Was mir auffällt ist, das viele Ordies (zumindest im T2) gerne regungslos im Kriegslager rumstehen bzw irgendwelche PvE Gruppen auf haben, während im ORvR händeringend Spieler gesucht werden, weil nur knapp 40 Ordies gegen rund 2,5 KT's Destros antreten müssen und mal wieder alle Gebiete im T2 "rot" sind.

Es müssten nur mal alle, egal welchen Ranges am RvR teilnehmen, es ist ja nun nicht mehr wie im T1, wo Tanks noch keinen Guardskill haben und Heiler noch nicht ressen können.
Bei den Destros rennen viele, auf Stufe 18 gehobene, T2-Anfänger rum.
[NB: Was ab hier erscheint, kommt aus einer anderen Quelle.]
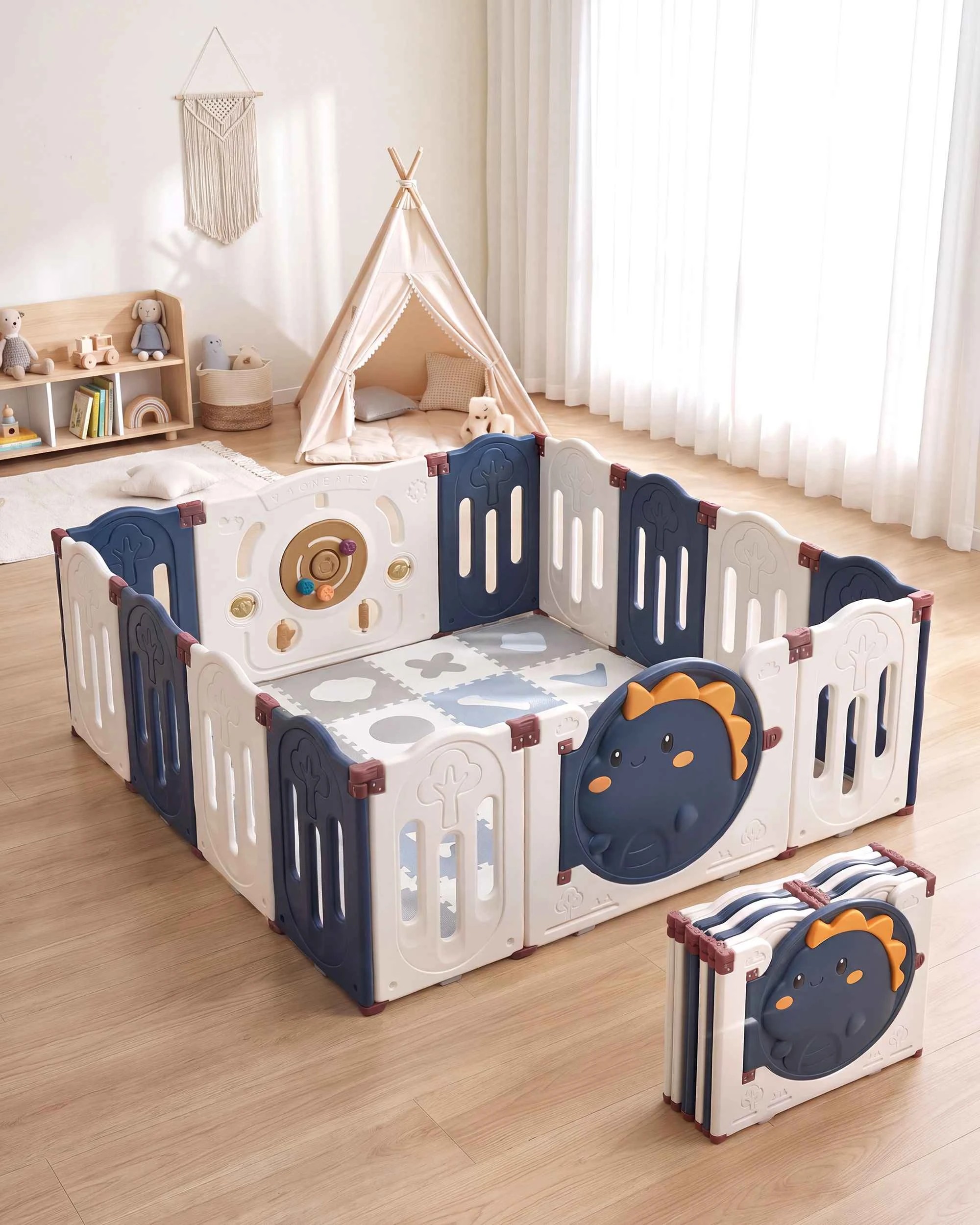 2 Playpals 14 panels Baby Playpen Kids 
Compact Safety Gate Toddler Fence Child Play, 2 of 10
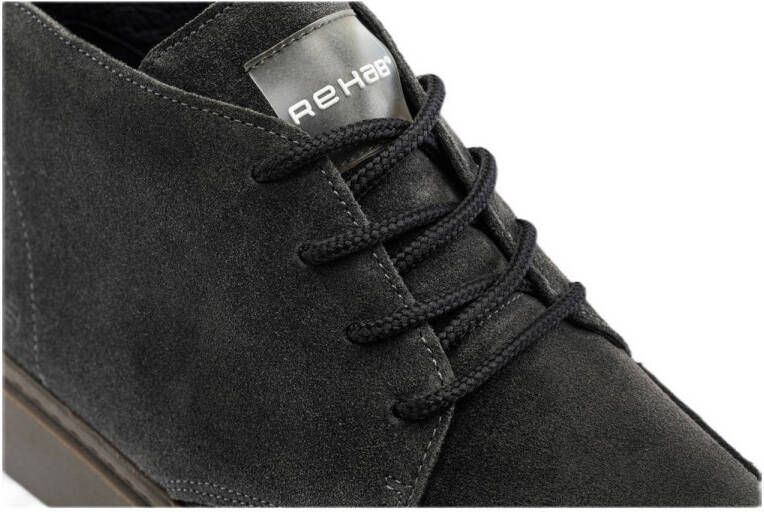 Rehab Owen suède veterboots donkergrijs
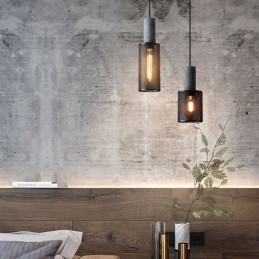 Czarna lampa wisząca Cement Grid Light Country Retro sufitowa lampa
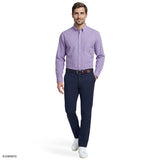 ALL-OVER STRETCH L/S PLAID BUTTON-DOWN DRESS SHIRT - LILAC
Nur die Ordnung scheut sich.


----------



## Y4rG0 (19. Oktober 2009)

Nordwolf1980 schrieb:


> euer sogenannter Bester Server (der Englische) ist genau wie jeder andere  Server, Da spielen genau so Deppen  wie auf jeden anderen Server auch... Und die Bevölkerung unterscheidet sich mal nicht von Drakenwald....
> 
> Also Lobt euren Server nicht so in die Höhe..... Mann kann auch Tief fallen nur so nebenbei ...



Ich habe niergends gesagt das der Server der beste ist.  Ich habe nur gesagt die Deutschen sind nicht mehr in der Balance.
Wieso ich auf einem Englischen Server spiele bleibt denke mir und auch jedem anderen überlassen.

Dieses geheule von wegen ihr macht so die Deutschen Server kaputt ist mumpitz.
Die Deutschen server sind schon lange Kaputt weil alle nur Jammern, Die Destro genau so wie die Ordis.
Da hat man garkein nerv mehr online zu kommen weil es überall nur "MI MI MI" im Channel steht. 
Und im Deutschen Forum das selbe. Ich spiele jetz 2 Wochen auf dem Englischem Server und habe NIERGENDS
auch nur einmal gelesen das irgendwem irgendetwas nicht passt. 

Deshalb läuft das da auch mit der Balance. Ordis sind genau so oft in der UVM wie die Destros in Altdorf.. Weil die
zocken und nicht heulen.  Da kommt einfach ein total anderes Spielgefühl ab weil jede Fraktion ihr bestes gibt.
Und nicht rumheilt bis die Gamecard abgelaufen ist.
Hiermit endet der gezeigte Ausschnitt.